Why Character Consistency Is So Hard in AI Art
Here's the thing most tutorials skip over. Modern AI image generators are probabilistic by nature. Every single time you run a prompt, the model is sampling from a vast distribution of possible outputs. Without explicit constraints, "brown-haired woman in a leather jacket" produces thousands of plausible variations. The model isn't remembering your character. It's making an educated guess about what fits your words.
That distinction really matters. Consistency isn't a feature you switch on. It's a system you build around the tool, with intention and discipline. Once you actually internalize that, you stop fighting the randomness and start engineering around it. That shift in mindset changes everything.

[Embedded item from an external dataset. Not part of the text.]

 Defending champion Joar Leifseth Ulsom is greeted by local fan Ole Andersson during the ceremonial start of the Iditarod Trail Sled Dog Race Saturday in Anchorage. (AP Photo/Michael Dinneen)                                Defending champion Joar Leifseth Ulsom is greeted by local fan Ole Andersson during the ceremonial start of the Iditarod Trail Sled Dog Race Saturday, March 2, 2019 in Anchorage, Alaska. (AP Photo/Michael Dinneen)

How to Keep a Consistent AI Character: Start With a Detailed Prompt
The single most reliable technique is treating your prompt like a character bible. Vague prompts produce vague results. Specific prompts narrow the distribution of possible outputs - and that's exactly what you want.
Your core character prompt should lock down:
- Face shape and structure - "oval face, high cheekbones, slightly wide-set eyes"

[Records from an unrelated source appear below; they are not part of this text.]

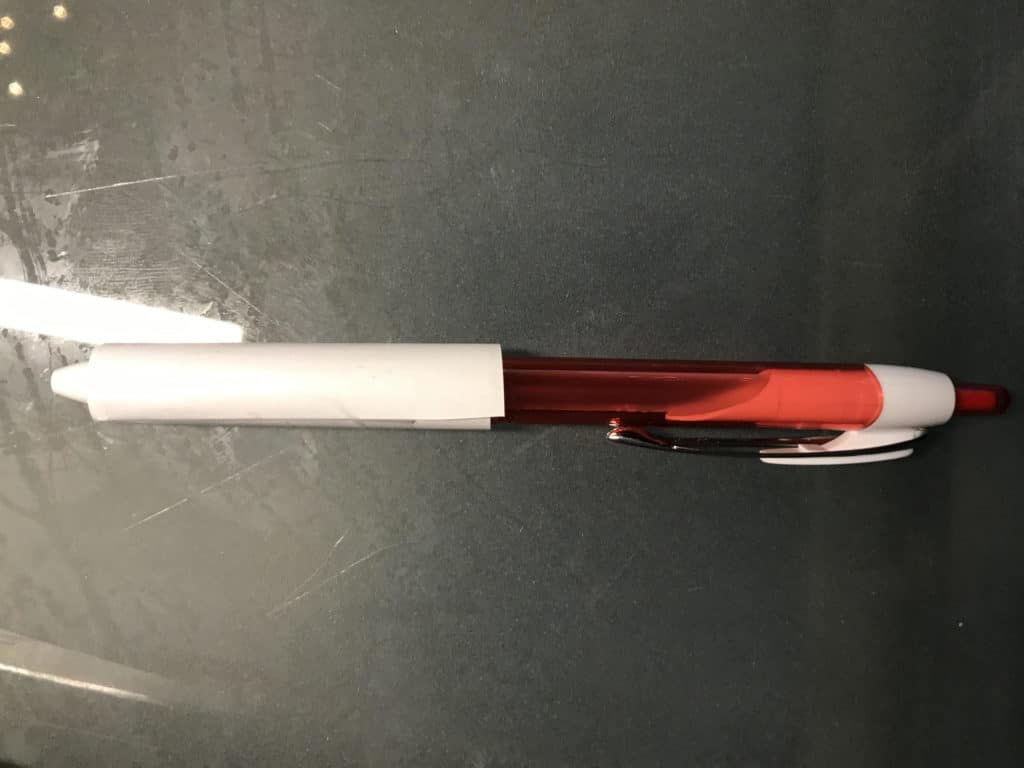paper rocket on the tip of a pen
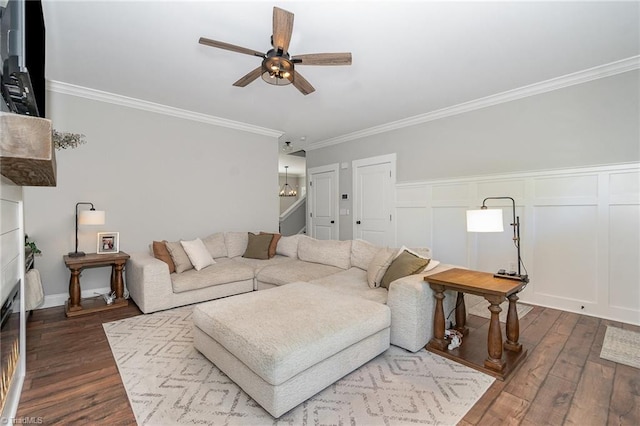 7634 Grapevine Rd, Lewisville, NC 27023 - living room featuring wainscoting, a ceiling fan, ornamental molding, and dark wood-type flooring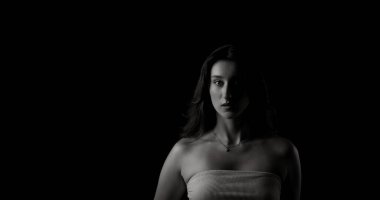 Yüzünün yarısı aydınlanmış, gizemli ve entrika dolu genç bir kadının dramatik siyah beyaz portresi.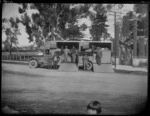 A side view of a two horse accommodation horse float truck in front of the Maori gateway entrance to Ebbett Park, Hastings, showing a group of unidentified men standing in front of the truck and two horses in the stalls and an unidentified girl in the foreground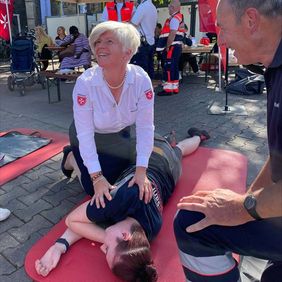 Eine Frau übt die stabile Seitenlage mit einer jungen Frau.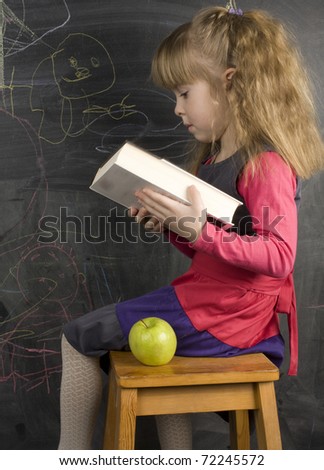 portrait of cute little girl with book and green apple near blackboard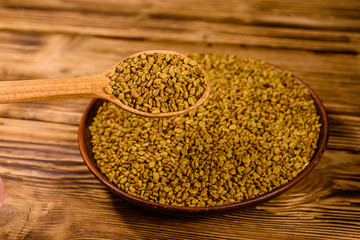 Ceramic plate and spoon with fenugreek seeds on wooden table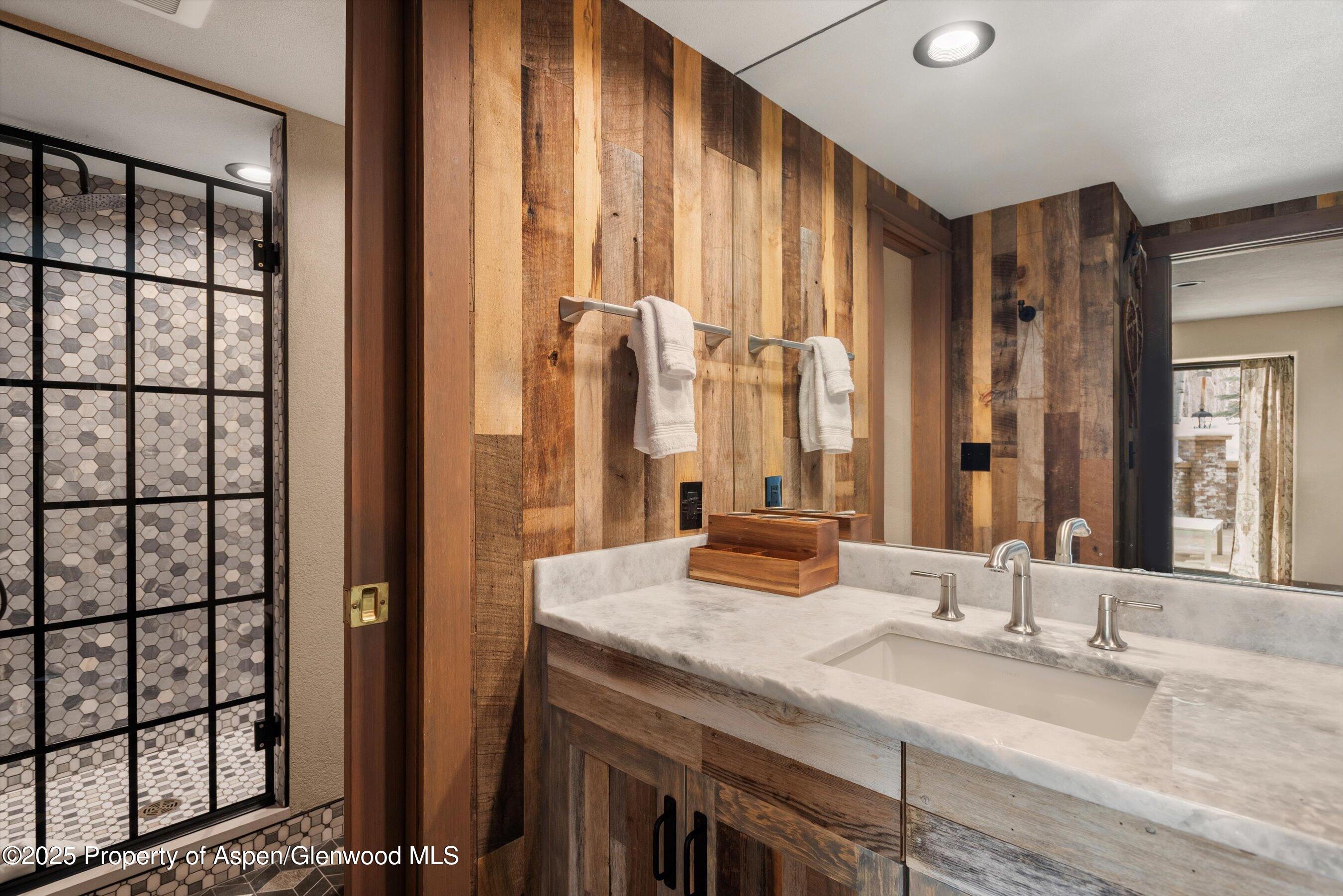 303 Conundrum Creek Road Aspen, CO 81611 - Photo 27 of 39 a bathroom with a granite countertop sink and a large mirror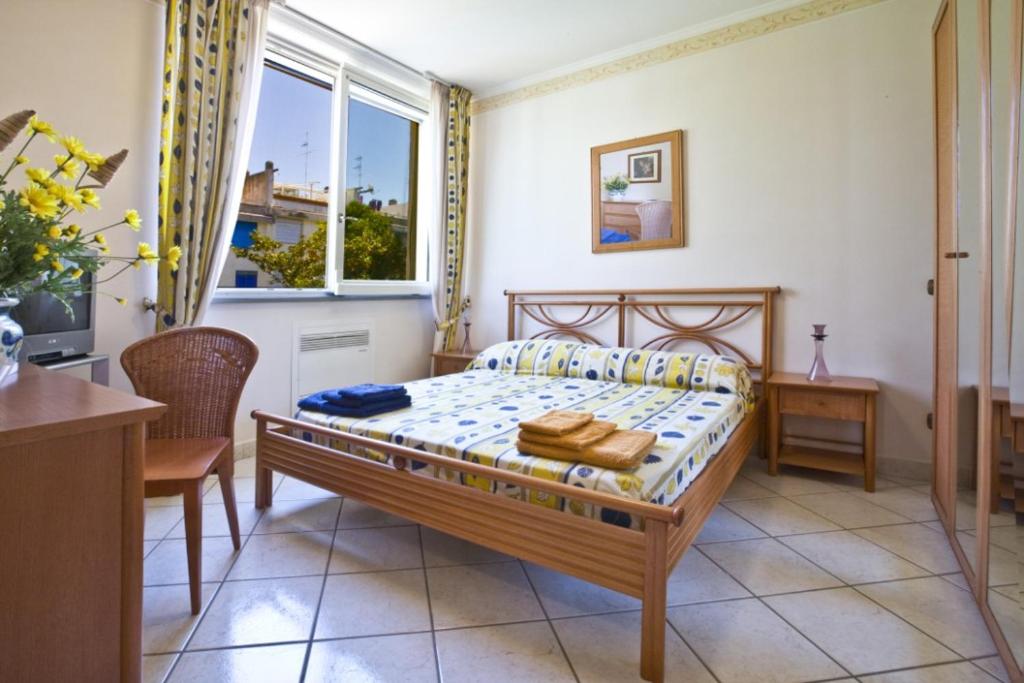 索伦托Villa Francesca Sorrento的一间卧室，里面有一张床、一张桌子和一扇窗户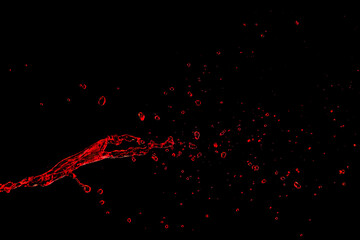Splash of red liquid on black background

- Eye color and shape - "almond-shaped dark green eyes"
- Hair - "wavy auburn hair, shoulder length, side part"
- Skin - "warm olive complexion, light freckles across the nose"
- Distinguishing features - a scar, a mole, a piercing
- Build and height cues - "lean athletic build, narrow shoulders"

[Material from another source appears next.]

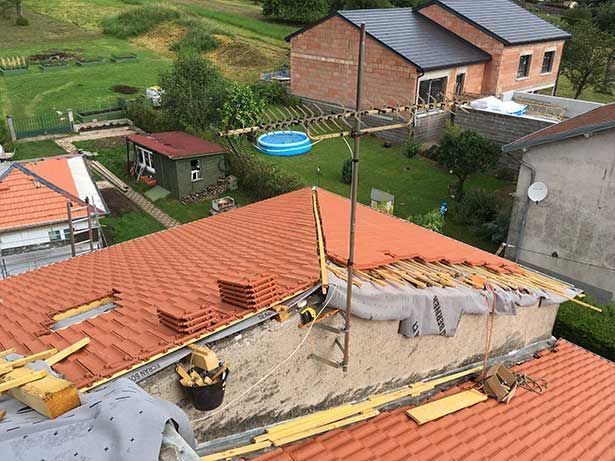 Travaux de couverture d'une maison avec un toit en tuiles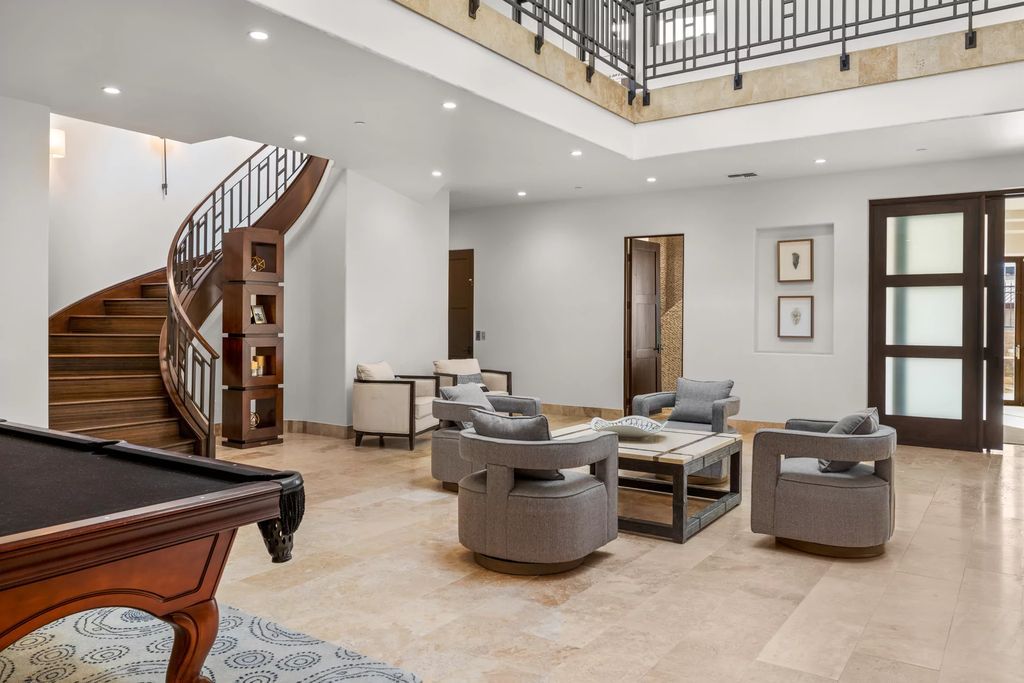 The Henderson Home, a newly renovated double-gated residence spotlights high ceilings, curved staircases, an open floor plan and an amazing outdoor area is now available for sale. This home located at 578 Lairmont Pl, Henderson, Nevada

- Signature clothing - "worn brown leather biker jacket, dark jeans"
Copy this exact block into every prompt. Resist the urge to paraphrase it. Trust me on this one - even small word changes shift the output in ways that compound fast across a batch of images. Think of it as source code: any edit is a change you need to test deliberately, not accidentally.
Step 2 - Use Seeds and AI Mode Controls for Repeatability
Most major AI tools expose a seed number. A seed controls the random starting point for image generation. Use the same seed with the same prompt, you get the same image. Change only one element - the background, pose, or lighting - while keeping the seed and character description identical, and the model holds far more traits stable.
Pretty useful, right?
How to use this in practice:
- Generate a base image you're satisfied with.
- Note the seed number (most tools surface this in generation metadata).
- Lock the seed before adjusting pose, scene, or style variables.
- When the seed eventually breaks consistency, run a fresh generation campaign to find a new anchor seed.
Midjourney offers the --seed parameter directly in its prompt syntax. Stable Diffusion surfaces seed controls in its UI and saves them in PNG metadata by default. Leonardo AI has a dedicated Character Reference feature that lets you upload an existing image as a visual anchor - a capability that goes well beyond text descriptions alone, according to Leonardo's published documentation.
Step 3 - Leverage Image-to-Image and Reference Uploads
Most modern AI tools now support some form of reference image input. For keeping a consistent AI character across images, this is honestly one of the most reliable methods available - and it doesn't require rebuilding your prompt from scratch each session. That alone saves hours.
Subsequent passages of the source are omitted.